Shit happens, or how I learned to love the incident
Complex systems are by definition broken. They will always break and sometimes they will break when everybody did what they are supposed to. Fixing the problem won't necessarily reduce the risk of another incident.
As a fitting complement to that paper, read Malcolm Gladwell's "Blowup".
(I read it in the excellent book What the Dog Saw: And Other Adventures. Gladwell writes mind candy, but he does it brilliantly.)
To summarise the main message I took from both:
In complex systems, shit happens. And all the change control and customer focus and automated systems in the world won't stop it happening.
Someone said on LinkedIn recently that problem management is about making incident management obsolete. Not only is such thinking wrong but it is also dangerous. We can't stop incidents, including major ones.

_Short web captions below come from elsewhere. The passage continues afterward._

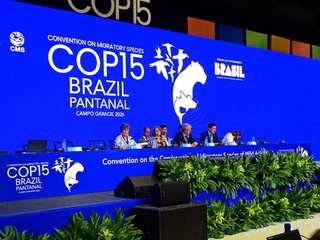 Узбекистану присвоен почетный статус за вклад в сохранение мигрирующих видов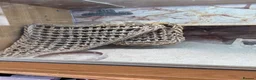 Bearded Dragon reptiles for sale: Red leatherback bearded dragon 🧡 in Petersfield - Advert 7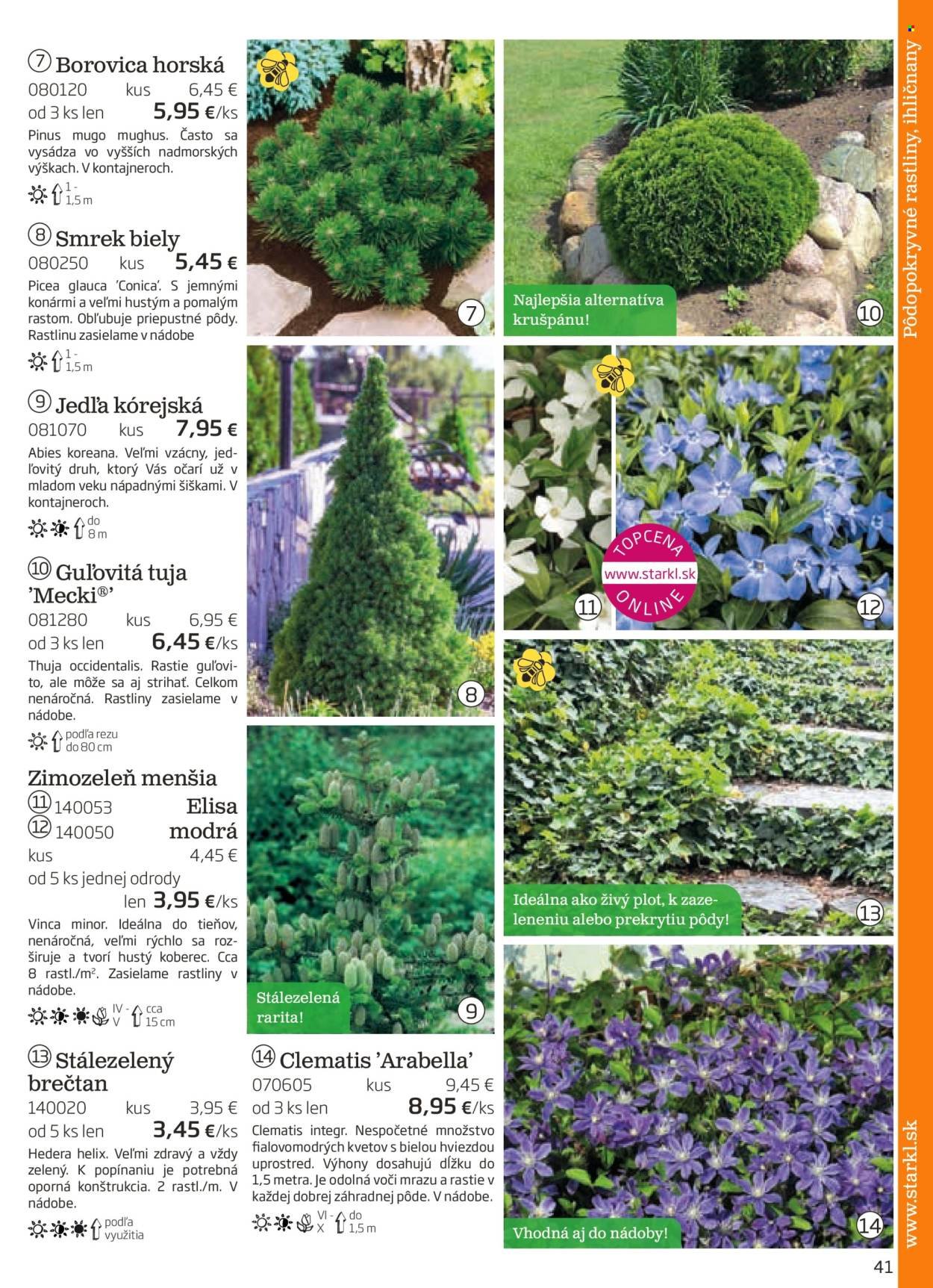 STARKL leták - auguste 2025 (2025-08-03) | 41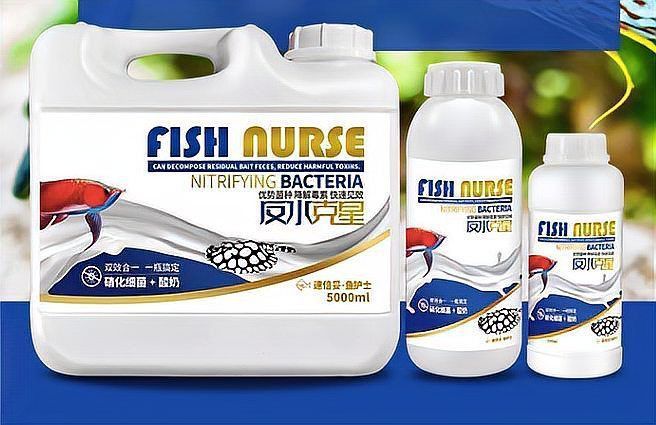 龍魚用品速倍妥牌子還是英牌好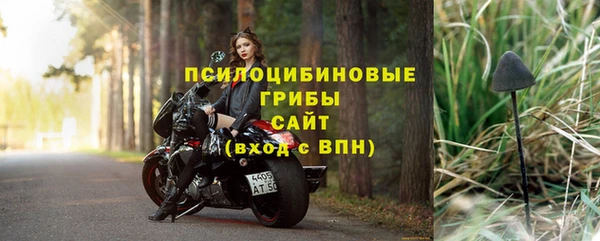 шишки Богородск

And reducing the risk of a major incident recurrence through fixing a problem does not necessarily reduce the odds of a major incident happening again. We can't ever significantly reduce our need for support. We need to be ready and rehearsed to deal with major incidents because they come like earthquakes.
And when it is over there may well be nobody to blame.
This seems a reversal of some things I have said in the past about the need for change control. I said that "shit happens" is not an excuse any more. I still believe that. Just because some incidents will remain unpreventable doesn't mean that many others can't be prevented. Just because fixing a problem in one place means higher risks will be taken elsewhere doesn't mean we shouldn't fix the problems. And just because complex systems are impossible to stop breaking doesn't mean that there isn't negligence behind some breakages.
We need to be more embracing of incidents as part of normal operations, not as aberrations that can be eliminated. Incidents aren't deviations from some idyllic norm: they are the norm.